# Aim of the task:
Return the entries below word for word. No picture belongs in the copy.

(Collected data)
- Opening Delimiter -
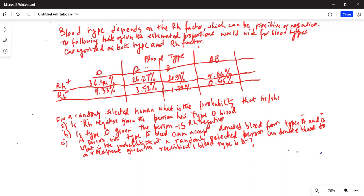It says blood type depends on Rh factor which can be positive or negative. The following table gives the estimated proportions worldwide for blood types categorized in both type and Rh factor. Blood type is along the columns — there are four columns: O, A, B, and AB blood types — and there are two rows of data: Rh positive and Rh negative. Part A: for a randomly selected human, what is the probability that he or she is Rh negative given the person has O blood?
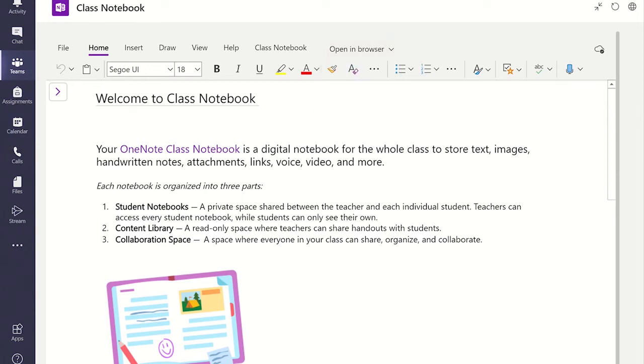When you open your Class Notebook, you will land on the Welcome page within the Welcome section. To see where these are, click on the right pointing arrow at the top of the screen.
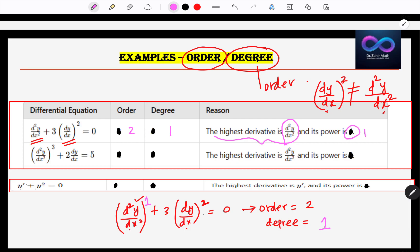Let's go to the next example: (d²y/dx²)³ + dy/dx = 5. What is the order? dy/dx is first order, d²y/dx² is second order. The highest derivative is 2, so order is 2. For that highest derivative, what is the power? The power is 3. Therefore, degree is 3.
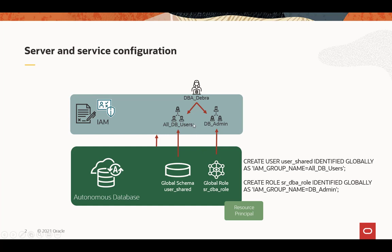So DBA Debra, when she logs into the Autonomous Database, will land using the global schema user shared, and because she's a DBA, she's also in the DB admin group, and that's going to be mapped to the global role senior DBA role, and that's the same format: create role senior DBA role, identify globally, and indicating a mapping to the directory.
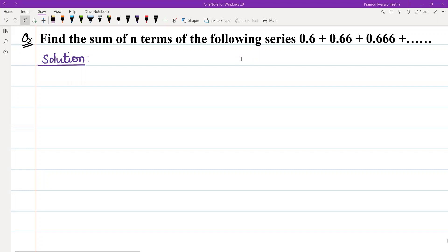Hello and Namaskar to everyone. I am Sami. Geometric progression problems are solved.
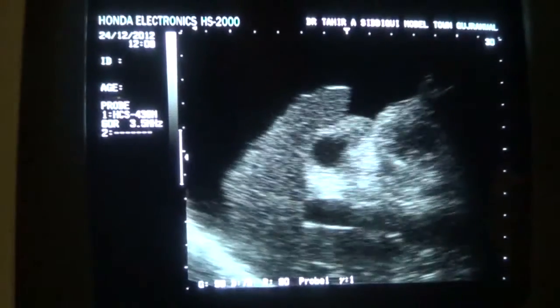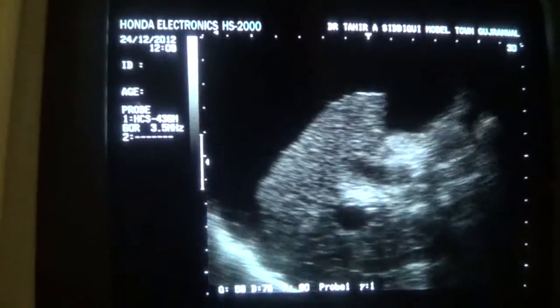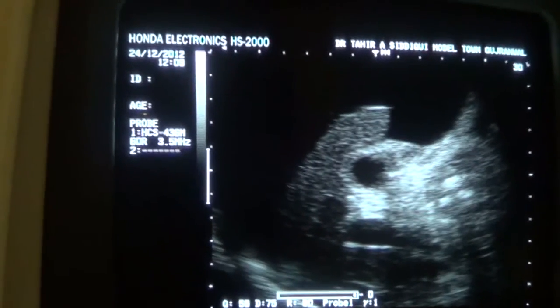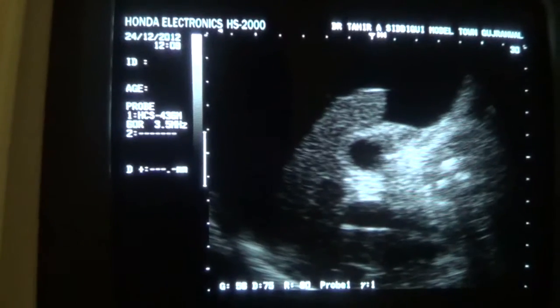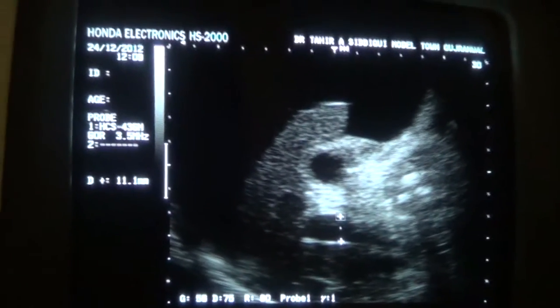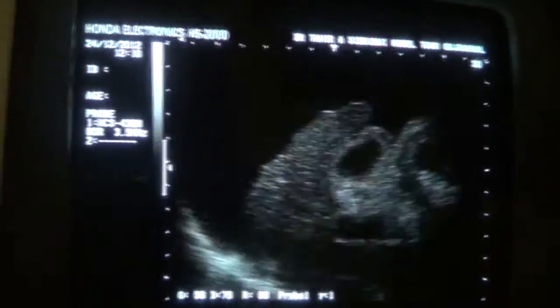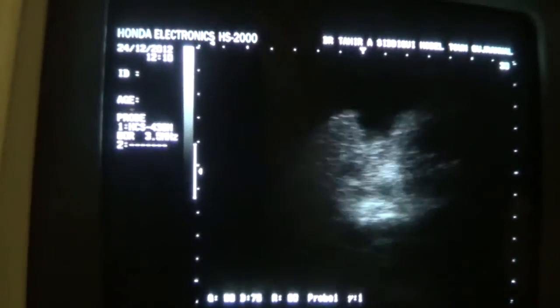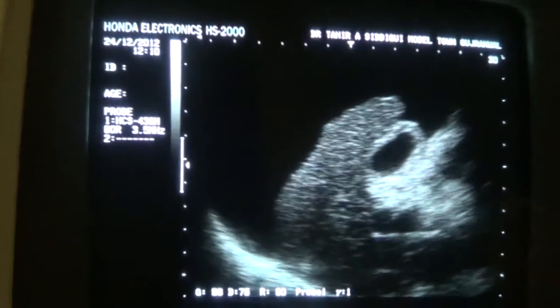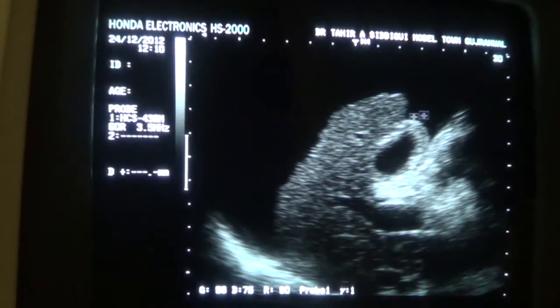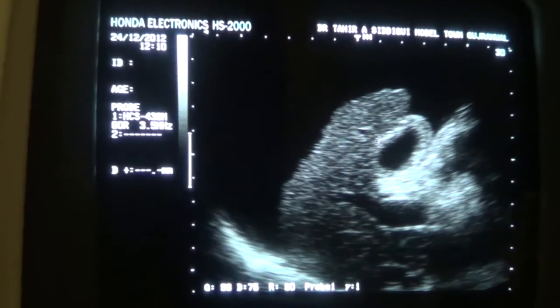Regarding the portal vein, in such cases we measure the portal vein from inner to inner. The dimension is 11.1 millimetres — normal is up to 13 millimetres — so the portal vein is normal and not dilated. Note the walls of the gallbladder appearing thick because of the fluid surrounding the gallbladder wall.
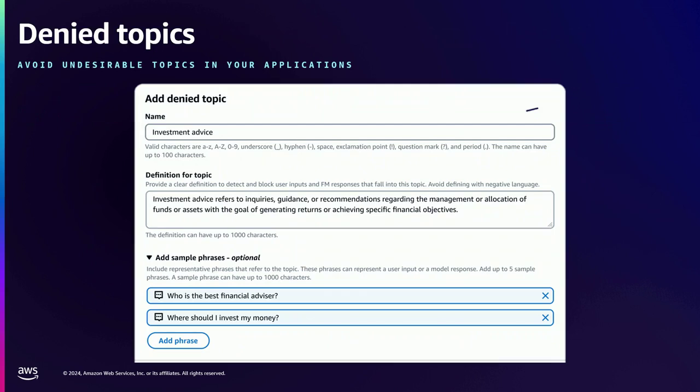Let's dive deeper into each policy type. The first is denied topics. Taking the example of an online banking assistant, you do not want to provide certain information such as investment advice — models can generate text that leads to investment advice, which could be risky for your end users. You can define multiple denied topics within a single Guardrail. You provide the name and a simple natural language description of what the topic is, and optionally a few example phrases you'd want to block. If the user input or model response belongs to that topic, it gets flagged and filtered.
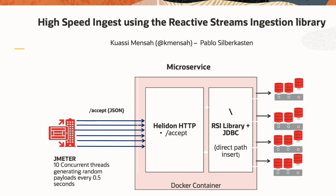The microservice is built using the Helidon framework. It has a tiny REST server and can receive REST calls. We highlighted the accept REST endpoint. The microservice is using the reactive streams ingestion library. And on the left, we have JMeter that we will use to generate load.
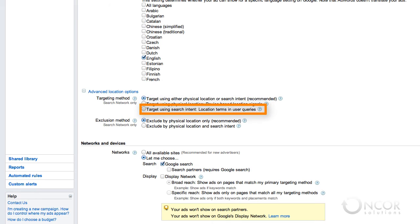If you select target using search intent, Google will show your ads only to users who include a location specific term in their query that corresponds to your targeted location. In this case, Google ignores the user's physical location.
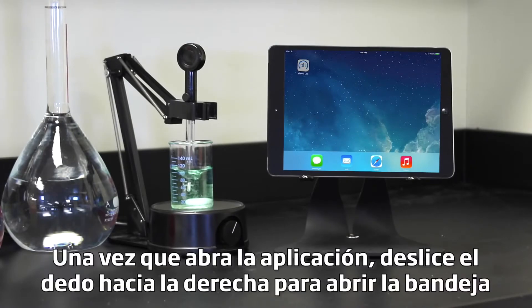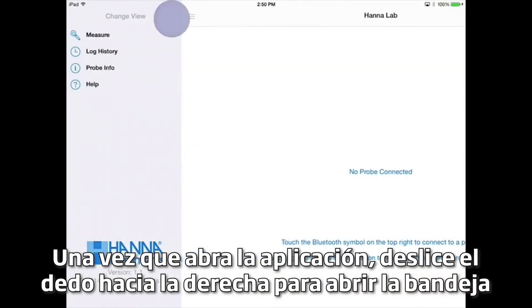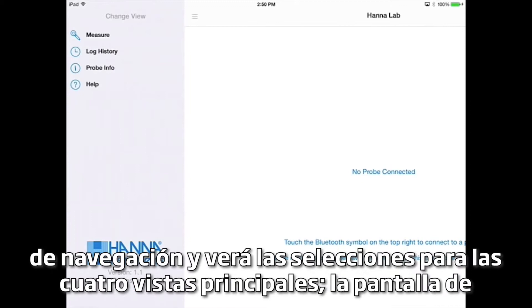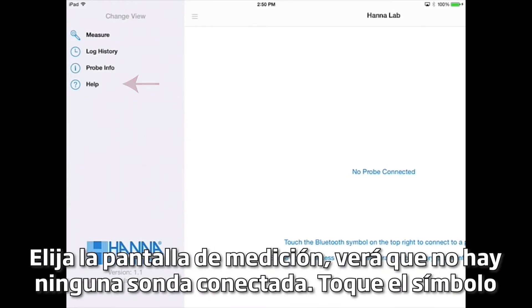Once you open the app, swipe to the right to open the navigation tray. There, you'll see selections for the four primary views: the measurement screen, the log history, probe information, and help. Choose the measurement screen.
- Closing Delimiter -
# Written reply:
It says blood type depends on Rh factor which can be positive or negative. The following table gives the estimated proportions worldwide for blood types categorized in both type and Rh factor. Blood type is along the columns — there are four columns: O, A, B, and AB blood types — and there are two rows of data: Rh positive and Rh negative. Part A: for a randomly selected human, what is the probability that he or she is Rh negative given the person has O blood?
When you open your Class Notebook, you will land on the Welcome page within the Welcome section. To see where these are, click on the right pointing arrow at the top of the screen.
Let's go to the next example: (d²y/dx²)³ + dy/dx = 5. What is the order? dy/dx is first order, d²y/dx² is second order. The highest derivative is 2, so order is 2. For that highest derivative, what is the power? The power is 3. Therefore, degree is 3.
So DBA Debra, when she logs into the Autonomous Database, will land using the global schema user shared, and because she's a DBA, she's also in the DB admin group, and that's going to be mapped to the global role senior DBA role, and that's the same format: create role senior DBA role, identify globally, and indicating a mapping to the directory.
Hello and Namaskar to everyone. I am Sami. Geometric progression problems are solved.
Regarding the portal vein, in such cases we measure the portal vein from inner to inner. The dimension is 11.1 millimetres — normal is up to 13 millimetres — so the portal vein is normal and not dilated. Note the walls of the gallbladder appearing thick because of the fluid surrounding the gallbladder wall.
Let's dive deeper into each policy type. The first is denied topics. Taking the example of an online banking assistant, you do not want to provide certain information such as investment advice — models can generate text that leads to investment advice, which could be risky for your end users. You can define multiple denied topics within a single Guardrail. You provide the name and a simple natural language description of what the topic is, and optionally a few example phrases you'd want to block. If the user input or model response belongs to that topic, it gets flagged and filtered.
The microservice is built using the Helidon framework. It has a tiny REST server and can receive REST calls. We highlighted the accept REST endpoint. The microservice is using the reactive streams ingestion library. And on the left, we have JMeter that we will use to generate load.
If you select target using search intent, Google will show your ads only to users who include a location specific term in their query that corresponds to your targeted location. In this case, Google ignores the user's physical location.
Once you open the app, swipe to the right to open the navigation tray. There, you'll see selections for the four primary views: the measurement screen, the log history, probe information, and help. Choose the measurement screen.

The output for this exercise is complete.